MATERIAL FOR THE TASK START

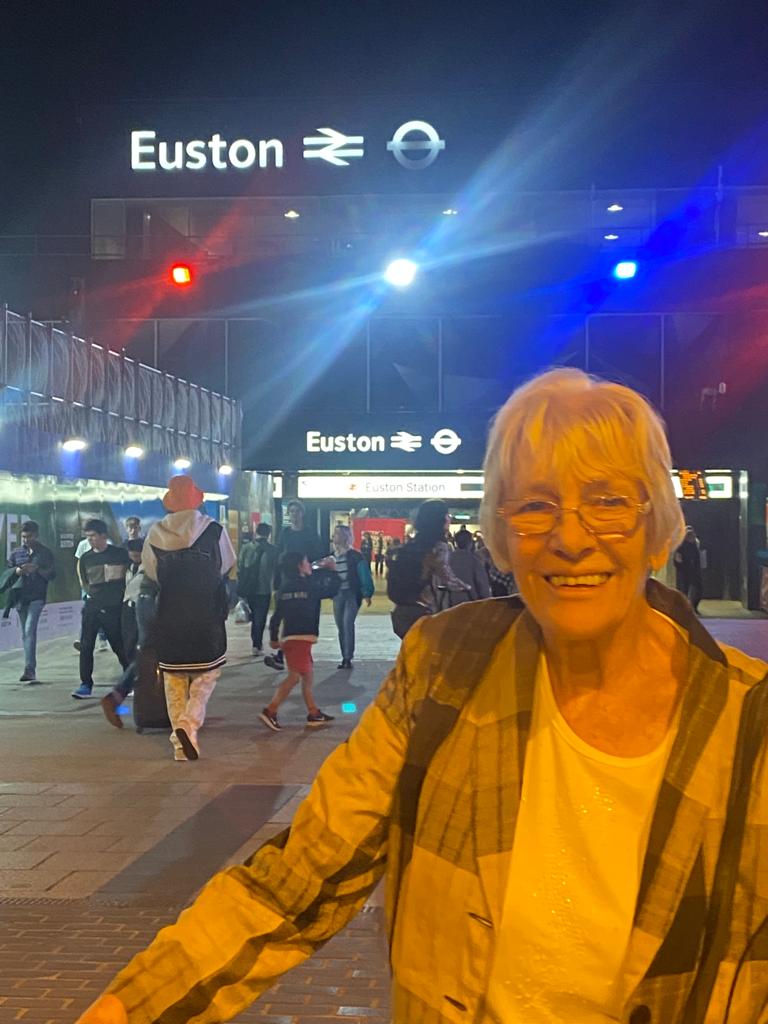 #grannymave #macmillan#prideofbritain#dailymirror#TSB#cycling#charity
#Grannymave arrives in London ahead of tomorrow's Pride of Britain awards. You can follow Mavis and the other incredible winners on Facebook live from 5pm,Sunday October 8th.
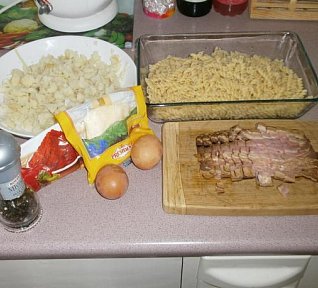 Těstoviny zapečené s květákem a slaninou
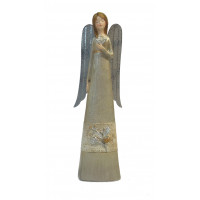 Anděl s kovovými křídly
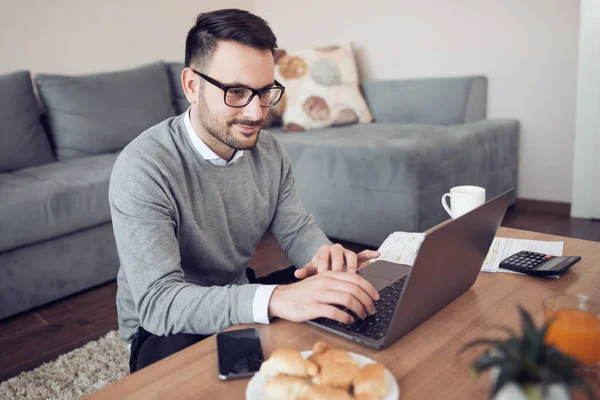 Empresário Casa Trabalhando Com Laptop — Fotografia de Stock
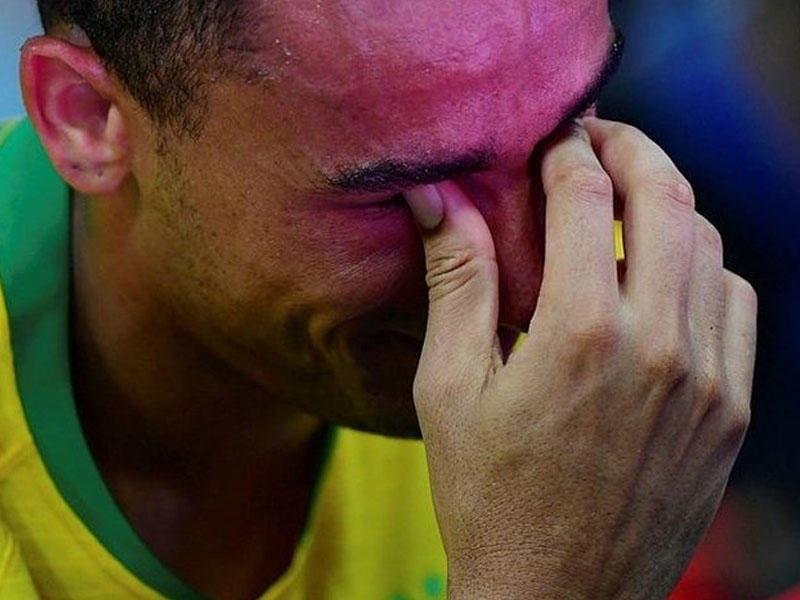 Zədələnən futbolçu meydanı ağlayaraq tərk etdi - FOTO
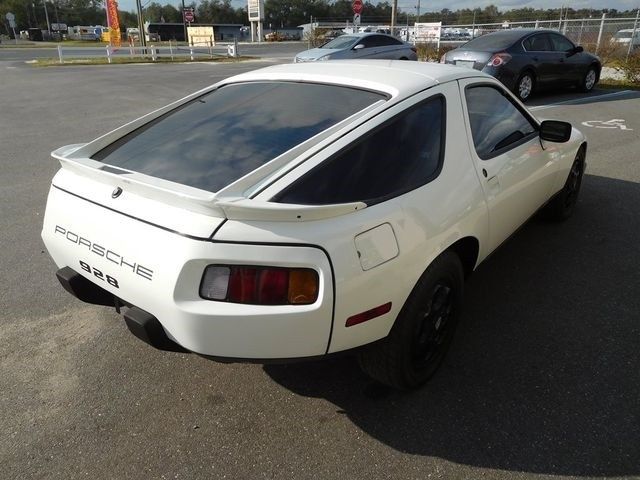 1984 Porsche 928 -- - photo 5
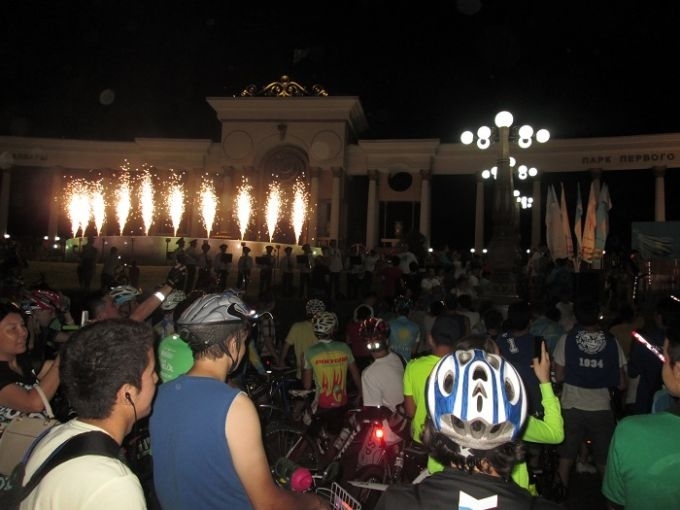 Almaty qalasynda kezekti túngi velosherý ótti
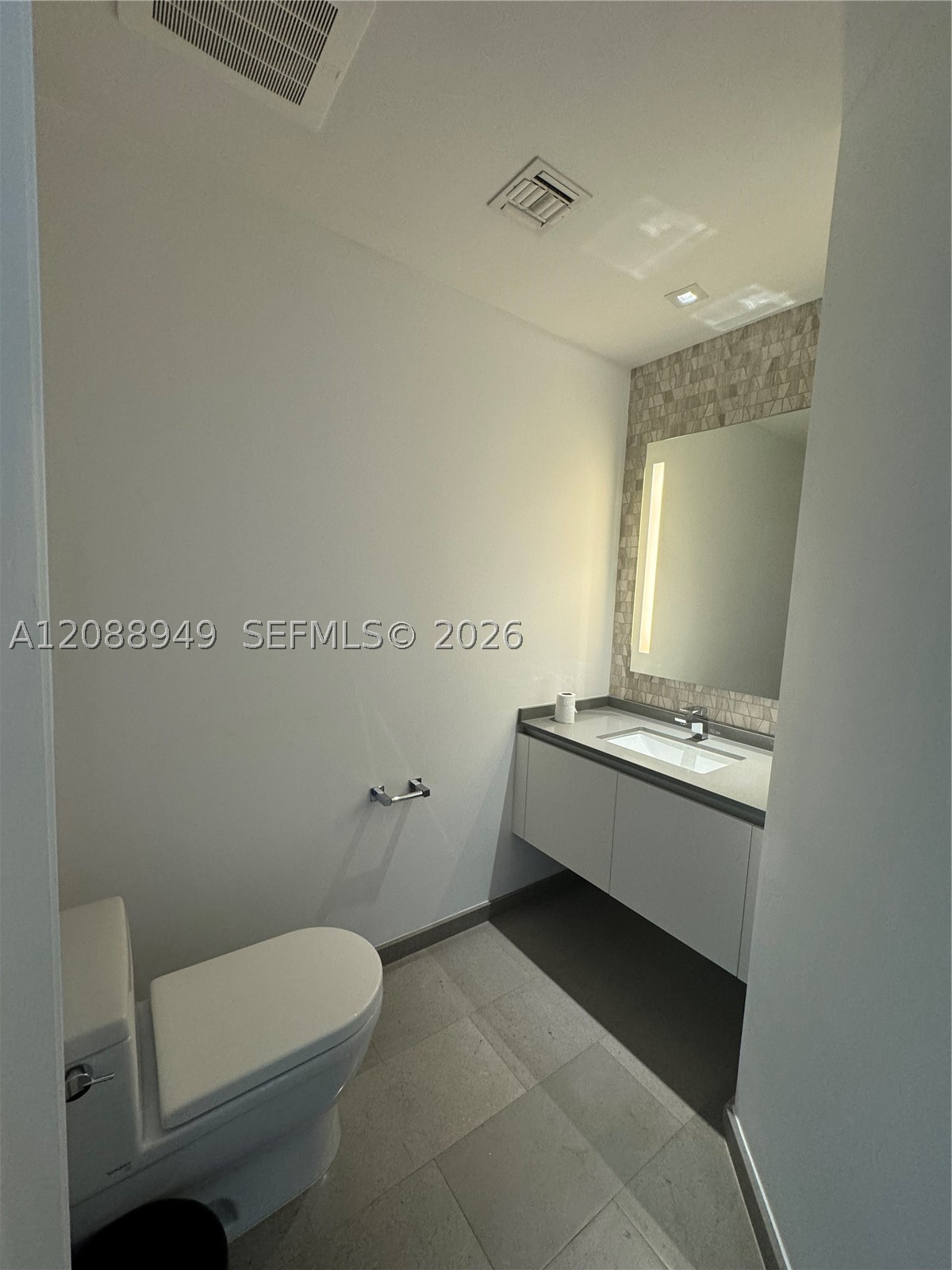 88 SW 7th St #1711, Miami FL 33130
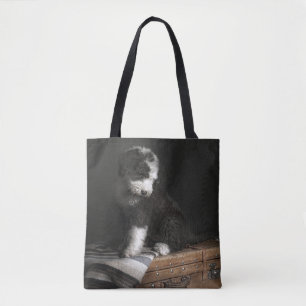 Bolsa Tote Retrato Bobtail do filhote de cachorro no estúdio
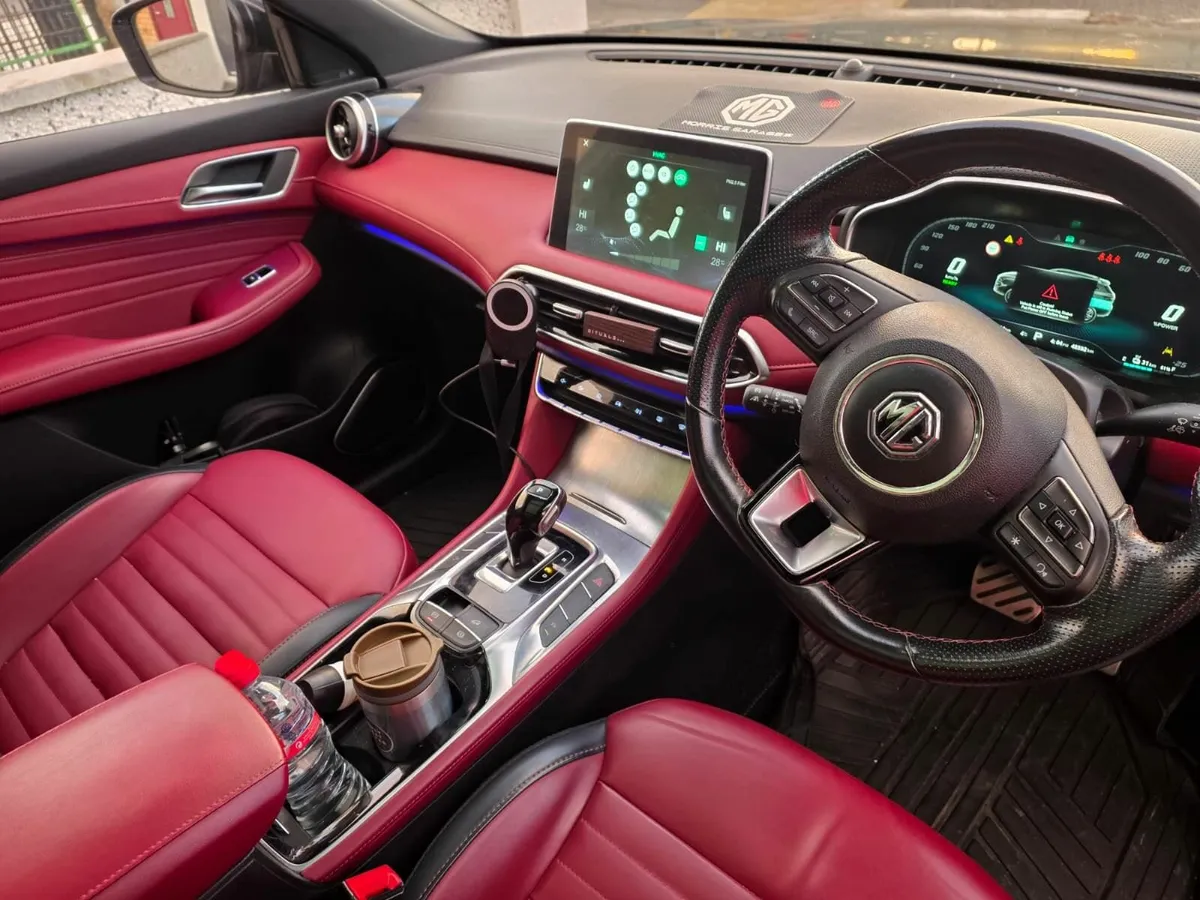 MG HS 2021 (212) 1.5L PHEV Hybrid electric - Image 2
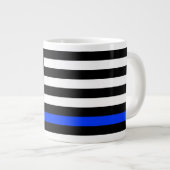 Polizeiflagge der Thin Blue Line Jumbo-Tasse (Vorderseite Rechts)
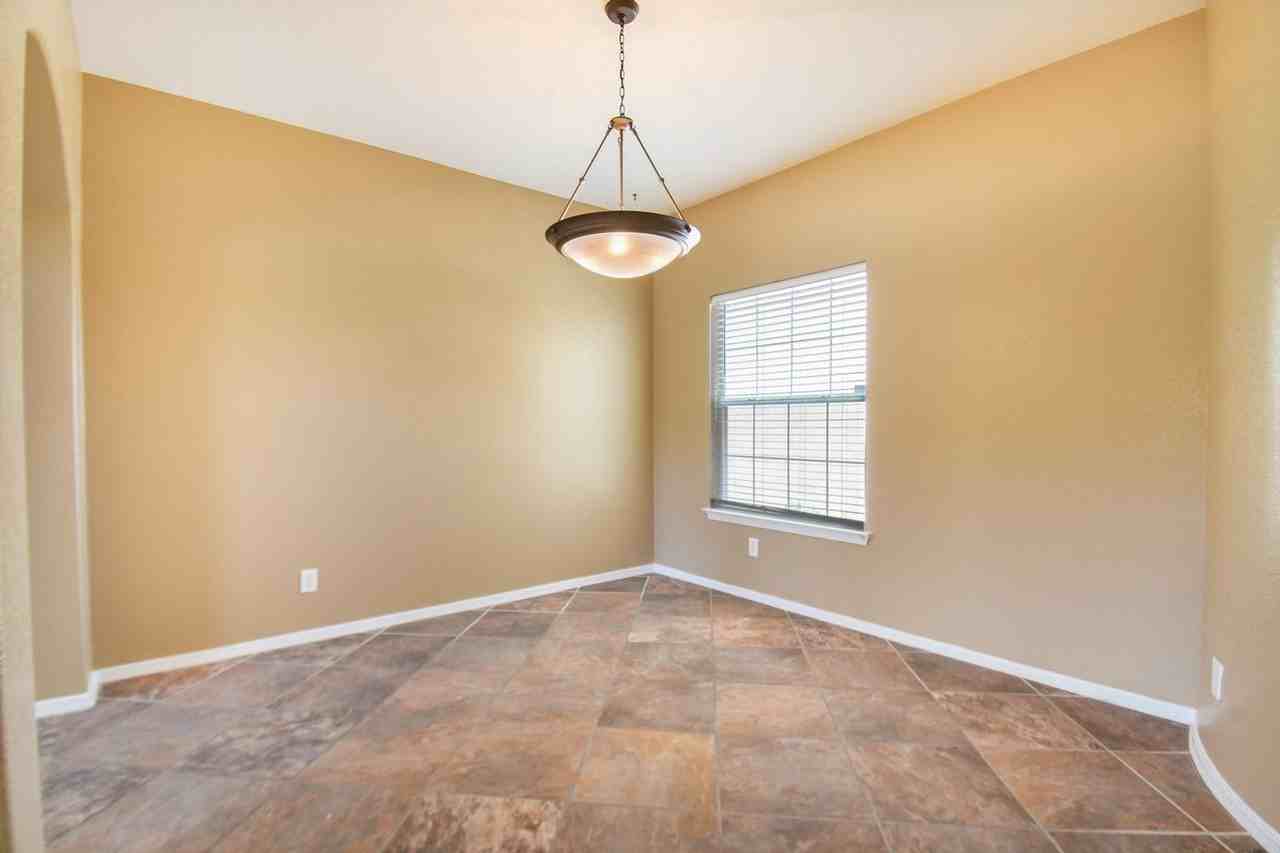6418 Franklin Summit Dr - Photo 3 of 32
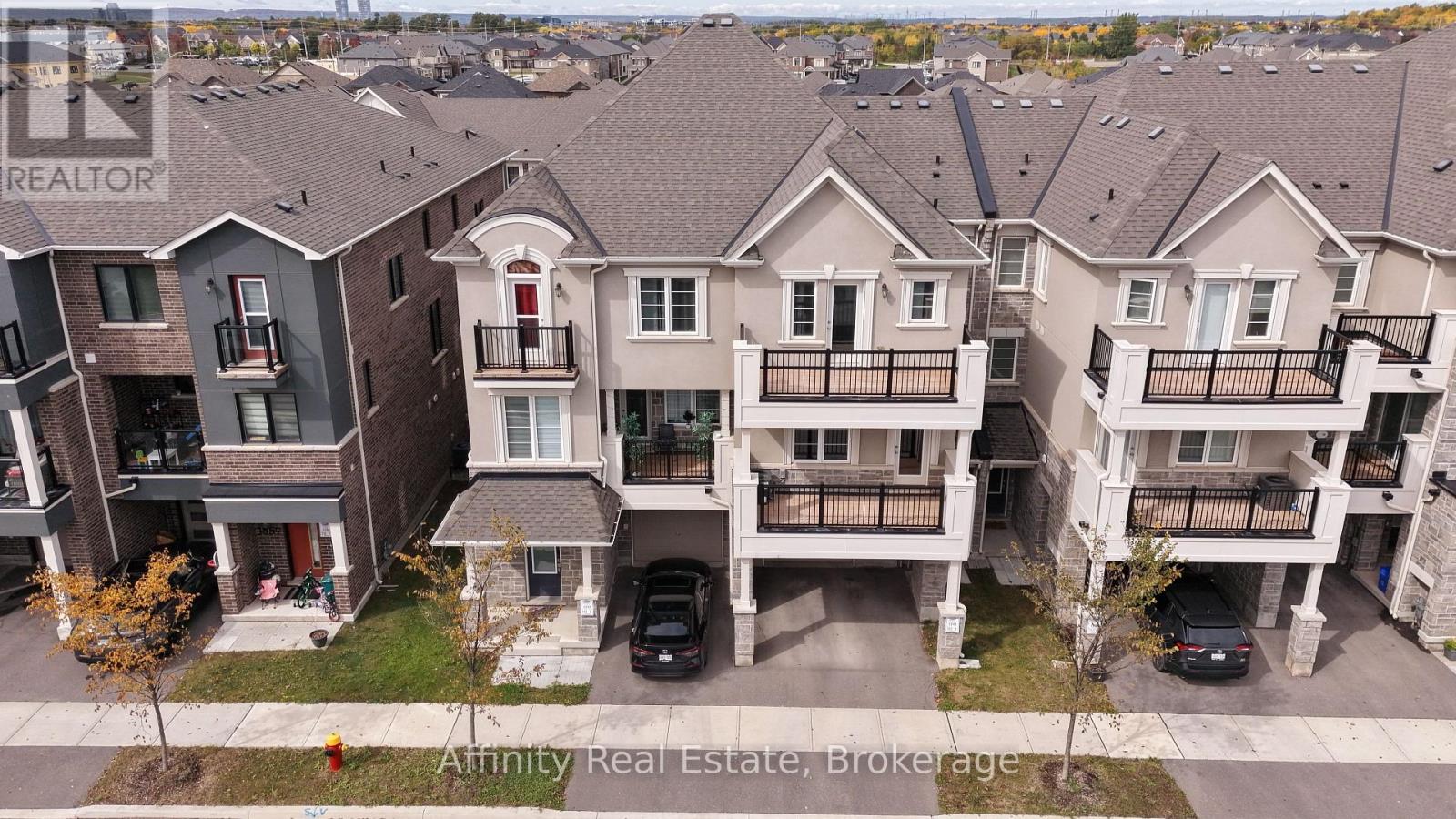1565 Denison Place, Milton, Ontario  L9E 1Y2 - Photo 2 - W13865278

MATERIAL FOR THE TASK END

**EXERCISE DETAILS**
Could you reproduce every record above exactly, leaving out any pictures?

**RESULT BELOW**
 #grannymave #macmillan#prideofbritain#dailymirror#TSB#cycling#charity
#Grannymave arrives in London ahead of tomorrow's Pride of Britain awards. You can follow Mavis and the other incredible winners on Facebook live from 5pm,Sunday October 8th.
 Těstoviny zapečené s květákem a slaninou
 Anděl s kovovými křídly
 Empresário Casa Trabalhando Com Laptop — Fotografia de Stock
 Zədələnən futbolçu meydanı ağlayaraq tərk etdi - FOTO
 1984 Porsche 928 -- - photo 5
 Almaty qalasynda kezekti túngi velosherý ótti
 88 SW 7th St #1711, Miami FL 33130
 Bolsa Tote Retrato Bobtail do filhote de cachorro no estúdio
 MG HS 2021 (212) 1.5L PHEV Hybrid electric - Image 2
 Polizeiflagge der Thin Blue Line Jumbo-Tasse (Vorderseite Rechts)
6418 Franklin Summit Dr - Photo 3 of 32
1565 Denison Place, Milton, Ontario  L9E 1Y2 - Photo 2 - W13865278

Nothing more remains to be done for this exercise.